Like if you witnessed a murder while dealing drugs.

“What were you doing when you saw the defendant shoot the victim?” would be a legitimate time to plead the fifth.

You have a right to refrain from any question you think might “reasonably” require an incriminating answer.

How Damaging Must the Disclosures Be?

Not every disclosure can be the subject of a Fifth Amendment assertion—only those that the witness “reasonably believes could be used in a criminal prosecution or could lead to other evidence that might be so used.” (Kastigar v. U.S., 406 U.S. 441, 444-445 (1972).) The key word here is “reasonably.” Responses to questions that would be of no use to prosecutors, or that couldn’t contribute to a prosecution because of the passing of the statute of limitations, cannot take refuge within the Fifth. But if the prosecution can make use of the answer itself or any evidence it might lead to, the witness is entitled to claim the privilege against self-incrimination.

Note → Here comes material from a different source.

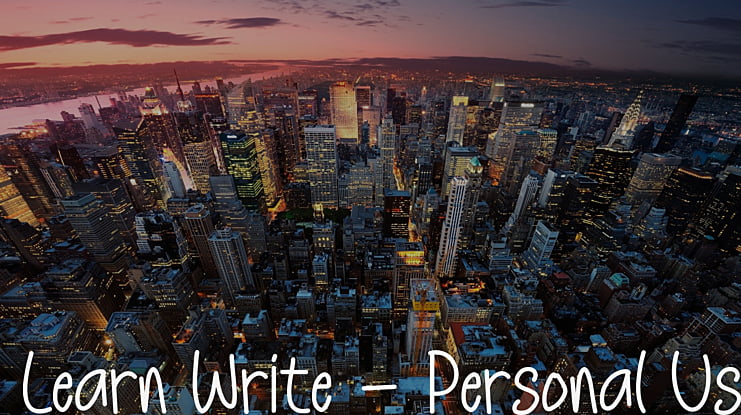 Learn Write - Personal Use Font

“Reasonably” is a legal term of art that your lawyer has to understand. You won’t find an answer in a regular dictionary. That’s why you should always have a lawyer with you if you want to plead.

You can invoke the Fifth at any time in the process, even at the first police interrogation, as long as you have been Mirandized.

It’s even more complicated than that. In Miranda & the 5th Amendment, the lawyer at the Legal Division at the Federal Law Enforcement Training Center in Georgia says that you can invoke the right as soon as you’re put into custody, sometimes even if not Mirandized. What is “custody”? A court has to decide.

Yes, but I wasn’t saying that you could only invoke the 5th at your own trial - in fact, I’m pretty sure you can never invoke the 5th at your own criminal trial ( as by taking the stand, you would have waived it). What I was saying is the prosecution is only seeking to prove you are guilty at your own trial - they aren’t looking to prove you are guilty at Fred’s trial.

I understand that. Everybody has been using the word “trial” and I just used your post as being handy to extend the concept: the privilege is not confined to trials.

And while it is certainly true that you waive privilege by taking the stand as a defendant in your own trial, other venues, like being called before Congress or in depositions, may require you to appear and declare in person. Neither of those existed, to my knowledge, when the Bill of Rights was written, so the Fifth had to be widened piece by piece to fit new circumstances.

This topic has been beaten to death in other threads, and if I recall the process mentioned - if the judge or prosecutor doesn’t like your answer 'the fifth" or if it doesn’t seem to be right, the judge can ask you in private to explain why the answer would incriminate you. This cannot be used against you (not sure if the prosecutor is present, but good idea if you have your own lawyer present. I presume somewhere in here the prosecutor can find out what he would need to grand immunity for if he wants your testimony) If the judge refuses to accept your reason, then you either testify or face contempt charges.

Complete hypothetical…

If you are the defendant in a criminal trial why not take the stand, say your bit then plead the fifth and take the contempt charge. Chances are the contempt charge is not as bad as whatever you are facing (penalty-wise).

Would that result in a mistrial? Even that might be preferable for the defendant. Keep doing that is probably better than a long-term prison sentence.

If you commit contempt in the face of the court, the court can direct that you be held in custody until you purge your contempt and comply with the court’s order. There’s no time limit on holding someone in that way.

Eventually, after a lengthy period, I suppose the judge might declare a mistrial (eg a jury trial where you can’t keep the jurors indefinitely), and then the trial would start again.

Taking the Fifth is something that the jury is specifically instructed not to hold against you.

Playing games like you said, I think that jury would be instructed to hold it against you, you have waived that protection by taking the stand.

So, no reason why you couldn’t, they can’t force you to answer questions you don’t want to answer, but you probably would have had a much better chance of acquittal if you had just kept your mouth shut from the start.